What does that mean for users? FWIW I personally feel more comfortable holding spending sats in a Liquid wallet than an ECash mint or even a self-custody Lightning wallet, especially for larger business transactions. Some users, especially those in areas with human rights violations might prefer ECash due its superior privacy. But every user should make that decision for themselves based on their needs. Security is about economics and there is no one size fits all.
I suspect the underlaying issue that people are trying to point out is that Liquid is a single federation and as such a potential point of centralization for bitcoin. A totally valid argument. While this is true today, I believe we will see multiple sidechains and other federations such as Fedimints, Cashu mints and Ark based wallets all competing with each other as fees go up and as demand for bitcoin as a medium of exchange increases. I suspect all these solutions will find their own market niches.
I am also hopeful for further decentralization of Boltz servers as multiple companies can now host the open source code and provide interoperable submarine swap apis for client apps using the various layers of bitcoin.
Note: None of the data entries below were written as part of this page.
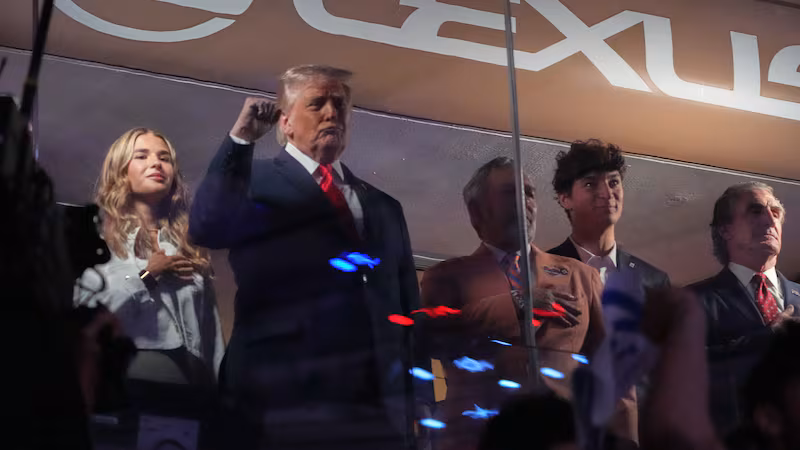 President Donald Trump gestures during the National Anthem as he attends an NBA Finals playoff...
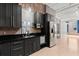 Modern kitchen featuring stainless steel appliances, black cabinets, and a stainless steel backsplash at 434 Marietta Nw St # 301, Atlanta, GA 30313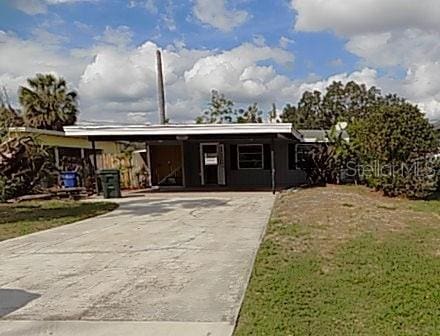 ranch-style home with a front lawn and a carport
All these experiments are good for bitcoin and the cross pollination of ideas will further strengthen the network. Some of these experiments will fail, and I appreciate critical discussion. They keep us honest. And some people even have vested interests to see certain experiments fail. That’s fine. But we should be careful to not adopt cancel culture if we don’t like an experiment. Especially if that experiment does not require an action or a soft-fork from our part. If you down that path, you start acting like a little tyrant, making demands of others. If you were really in favor of freedom, you’d allow others to take responsibility based on their own needs, not yours.